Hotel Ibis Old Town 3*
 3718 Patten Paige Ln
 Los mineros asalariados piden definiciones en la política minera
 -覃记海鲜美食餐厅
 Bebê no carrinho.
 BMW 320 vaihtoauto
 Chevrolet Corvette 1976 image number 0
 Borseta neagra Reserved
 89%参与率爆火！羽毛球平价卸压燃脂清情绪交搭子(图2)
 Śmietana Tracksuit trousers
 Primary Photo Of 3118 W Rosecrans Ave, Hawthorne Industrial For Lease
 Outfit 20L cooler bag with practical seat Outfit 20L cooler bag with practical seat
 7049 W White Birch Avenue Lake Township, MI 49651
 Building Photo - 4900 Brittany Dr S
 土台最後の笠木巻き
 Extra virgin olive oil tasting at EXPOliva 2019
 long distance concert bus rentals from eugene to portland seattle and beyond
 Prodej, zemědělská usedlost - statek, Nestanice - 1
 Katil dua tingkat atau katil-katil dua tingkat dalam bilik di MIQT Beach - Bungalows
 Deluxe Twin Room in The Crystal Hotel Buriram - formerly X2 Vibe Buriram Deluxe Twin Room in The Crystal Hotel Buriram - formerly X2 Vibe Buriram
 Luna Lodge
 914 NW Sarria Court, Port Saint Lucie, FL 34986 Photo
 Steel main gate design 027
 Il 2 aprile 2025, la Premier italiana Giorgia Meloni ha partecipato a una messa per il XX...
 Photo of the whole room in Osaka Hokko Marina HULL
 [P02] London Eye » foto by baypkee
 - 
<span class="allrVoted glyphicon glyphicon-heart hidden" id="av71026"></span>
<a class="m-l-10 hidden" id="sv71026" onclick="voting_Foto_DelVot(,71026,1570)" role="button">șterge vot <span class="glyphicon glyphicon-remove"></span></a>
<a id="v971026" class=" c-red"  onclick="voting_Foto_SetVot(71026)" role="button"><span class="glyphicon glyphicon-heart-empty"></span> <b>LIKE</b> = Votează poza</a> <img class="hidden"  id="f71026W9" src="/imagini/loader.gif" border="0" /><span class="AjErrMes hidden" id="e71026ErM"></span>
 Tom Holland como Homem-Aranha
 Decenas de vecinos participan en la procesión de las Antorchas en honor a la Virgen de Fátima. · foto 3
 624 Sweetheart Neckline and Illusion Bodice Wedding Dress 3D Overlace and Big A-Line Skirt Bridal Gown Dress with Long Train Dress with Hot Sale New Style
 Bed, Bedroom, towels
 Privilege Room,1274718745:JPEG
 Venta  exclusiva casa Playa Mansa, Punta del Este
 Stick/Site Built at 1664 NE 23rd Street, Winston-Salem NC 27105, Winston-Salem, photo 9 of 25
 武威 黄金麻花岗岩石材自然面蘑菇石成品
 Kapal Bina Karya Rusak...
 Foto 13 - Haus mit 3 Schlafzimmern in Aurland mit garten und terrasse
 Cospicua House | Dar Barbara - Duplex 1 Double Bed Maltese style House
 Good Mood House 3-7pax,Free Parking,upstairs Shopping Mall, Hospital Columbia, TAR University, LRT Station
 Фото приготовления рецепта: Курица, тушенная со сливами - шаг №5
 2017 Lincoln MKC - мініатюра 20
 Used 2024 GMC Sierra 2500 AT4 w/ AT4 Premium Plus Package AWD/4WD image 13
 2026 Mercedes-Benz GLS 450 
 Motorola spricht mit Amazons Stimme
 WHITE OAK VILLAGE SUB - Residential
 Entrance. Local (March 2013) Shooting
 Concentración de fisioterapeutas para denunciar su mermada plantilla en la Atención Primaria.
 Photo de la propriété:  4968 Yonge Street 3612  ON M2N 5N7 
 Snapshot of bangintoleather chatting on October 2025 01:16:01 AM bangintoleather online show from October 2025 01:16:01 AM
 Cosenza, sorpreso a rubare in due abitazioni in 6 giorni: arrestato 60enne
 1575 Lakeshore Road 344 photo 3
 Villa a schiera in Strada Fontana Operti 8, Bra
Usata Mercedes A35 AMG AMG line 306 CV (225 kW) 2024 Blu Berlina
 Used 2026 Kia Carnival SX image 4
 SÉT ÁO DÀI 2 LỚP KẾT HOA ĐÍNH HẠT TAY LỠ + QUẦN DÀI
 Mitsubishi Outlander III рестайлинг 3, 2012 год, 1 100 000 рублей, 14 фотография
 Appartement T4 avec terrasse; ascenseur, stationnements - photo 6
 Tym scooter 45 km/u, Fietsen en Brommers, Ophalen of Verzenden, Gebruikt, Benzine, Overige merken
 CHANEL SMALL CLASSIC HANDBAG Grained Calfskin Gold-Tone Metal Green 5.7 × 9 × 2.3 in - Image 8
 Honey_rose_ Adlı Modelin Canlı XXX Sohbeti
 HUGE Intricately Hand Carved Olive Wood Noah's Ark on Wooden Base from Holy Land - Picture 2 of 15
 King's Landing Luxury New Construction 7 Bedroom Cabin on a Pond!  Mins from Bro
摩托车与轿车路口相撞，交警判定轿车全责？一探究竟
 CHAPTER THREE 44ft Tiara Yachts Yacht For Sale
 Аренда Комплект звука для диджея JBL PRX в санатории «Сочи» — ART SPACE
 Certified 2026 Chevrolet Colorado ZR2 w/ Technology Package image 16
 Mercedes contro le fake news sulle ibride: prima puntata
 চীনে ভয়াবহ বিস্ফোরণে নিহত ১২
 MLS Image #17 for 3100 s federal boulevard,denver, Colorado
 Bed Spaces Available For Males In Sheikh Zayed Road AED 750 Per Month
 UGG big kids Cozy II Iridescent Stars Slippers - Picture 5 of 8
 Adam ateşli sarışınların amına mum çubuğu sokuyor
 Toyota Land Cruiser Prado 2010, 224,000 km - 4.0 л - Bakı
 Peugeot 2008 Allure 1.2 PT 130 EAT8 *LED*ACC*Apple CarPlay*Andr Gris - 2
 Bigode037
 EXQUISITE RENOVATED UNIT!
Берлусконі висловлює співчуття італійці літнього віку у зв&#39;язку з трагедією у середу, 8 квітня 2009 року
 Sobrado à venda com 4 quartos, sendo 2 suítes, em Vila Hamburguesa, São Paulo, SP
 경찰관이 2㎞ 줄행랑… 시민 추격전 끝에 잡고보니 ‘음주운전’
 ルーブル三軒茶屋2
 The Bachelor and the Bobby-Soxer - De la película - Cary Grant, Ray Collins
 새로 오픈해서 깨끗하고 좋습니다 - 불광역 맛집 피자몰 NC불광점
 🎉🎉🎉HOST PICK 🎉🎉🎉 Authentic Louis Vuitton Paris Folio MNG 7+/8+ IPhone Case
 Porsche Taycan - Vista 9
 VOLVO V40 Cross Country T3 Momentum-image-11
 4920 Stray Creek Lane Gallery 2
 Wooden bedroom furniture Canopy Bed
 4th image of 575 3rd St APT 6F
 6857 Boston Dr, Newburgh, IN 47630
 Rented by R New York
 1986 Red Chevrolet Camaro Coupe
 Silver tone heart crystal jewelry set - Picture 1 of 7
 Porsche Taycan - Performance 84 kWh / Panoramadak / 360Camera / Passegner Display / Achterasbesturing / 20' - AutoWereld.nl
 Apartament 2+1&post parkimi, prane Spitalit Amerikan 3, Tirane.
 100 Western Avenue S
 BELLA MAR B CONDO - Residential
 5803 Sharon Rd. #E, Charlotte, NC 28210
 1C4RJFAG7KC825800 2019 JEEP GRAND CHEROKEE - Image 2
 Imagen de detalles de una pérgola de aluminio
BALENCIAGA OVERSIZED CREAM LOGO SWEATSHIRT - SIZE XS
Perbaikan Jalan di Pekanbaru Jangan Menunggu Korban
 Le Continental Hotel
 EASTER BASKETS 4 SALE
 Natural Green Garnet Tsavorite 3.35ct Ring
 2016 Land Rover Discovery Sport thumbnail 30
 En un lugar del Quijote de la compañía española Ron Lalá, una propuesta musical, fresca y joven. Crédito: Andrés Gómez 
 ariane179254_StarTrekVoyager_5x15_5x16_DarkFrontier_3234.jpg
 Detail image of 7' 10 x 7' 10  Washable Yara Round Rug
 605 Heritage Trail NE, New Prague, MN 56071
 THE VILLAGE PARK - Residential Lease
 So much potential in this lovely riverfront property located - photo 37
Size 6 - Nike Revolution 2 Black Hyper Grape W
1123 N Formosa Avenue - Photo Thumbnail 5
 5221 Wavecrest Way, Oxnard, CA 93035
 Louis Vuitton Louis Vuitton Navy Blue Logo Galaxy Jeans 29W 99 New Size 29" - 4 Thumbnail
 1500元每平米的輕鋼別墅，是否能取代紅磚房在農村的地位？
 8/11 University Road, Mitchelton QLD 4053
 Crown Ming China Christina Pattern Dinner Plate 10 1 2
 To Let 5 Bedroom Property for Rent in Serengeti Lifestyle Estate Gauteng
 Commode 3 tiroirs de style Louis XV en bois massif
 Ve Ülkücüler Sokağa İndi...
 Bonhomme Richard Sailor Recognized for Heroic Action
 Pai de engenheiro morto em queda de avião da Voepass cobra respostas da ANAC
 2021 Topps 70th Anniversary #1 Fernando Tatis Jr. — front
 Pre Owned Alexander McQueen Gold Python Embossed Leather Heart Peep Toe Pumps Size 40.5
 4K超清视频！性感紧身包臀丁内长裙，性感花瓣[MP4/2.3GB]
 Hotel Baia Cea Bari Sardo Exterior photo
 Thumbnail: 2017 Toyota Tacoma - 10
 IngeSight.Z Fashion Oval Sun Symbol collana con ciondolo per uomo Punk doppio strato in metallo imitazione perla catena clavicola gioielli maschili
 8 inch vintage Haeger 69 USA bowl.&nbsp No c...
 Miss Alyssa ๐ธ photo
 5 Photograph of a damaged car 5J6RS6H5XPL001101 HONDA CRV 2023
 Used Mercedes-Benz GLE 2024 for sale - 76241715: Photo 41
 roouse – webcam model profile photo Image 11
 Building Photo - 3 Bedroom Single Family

====================

### [WHAT TO PRODUCE]
Copy only this part of the entries above: the line with "Ve Ülkücüler Sokağa İndi...", the line with "Used Mercedes-Benz GLE", and the lines between, all exactly as written.

### [REPLY]
 Ve Ülkücüler Sokağa İndi...
 Bonhomme Richard Sailor Recognized for Heroic Action
 Pai de engenheiro morto em queda de avião da Voepass cobra respostas da ANAC
 2021 Topps 70th Anniversary #1 Fernando Tatis Jr. — front
 Pre Owned Alexander McQueen Gold Python Embossed Leather Heart Peep Toe Pumps Size 40.5
 4K超清视频！性感紧身包臀丁内长裙，性感花瓣[MP4/2.3GB]
 Hotel Baia Cea Bari Sardo Exterior photo
 Thumbnail: 2017 Toyota Tacoma - 10
 IngeSight.Z Fashion Oval Sun Symbol collana con ciondolo per uomo Punk doppio strato in metallo imitazione perla catena clavicola gioielli maschili
 8 inch vintage Haeger 69 USA bowl.&nbsp No c...
 Miss Alyssa ๐ธ photo
 5 Photograph of a damaged car 5J6RS6H5XPL001101 HONDA CRV 2023
 Used Mercedes-Benz GLE 2024 for sale - 76241715: Photo 41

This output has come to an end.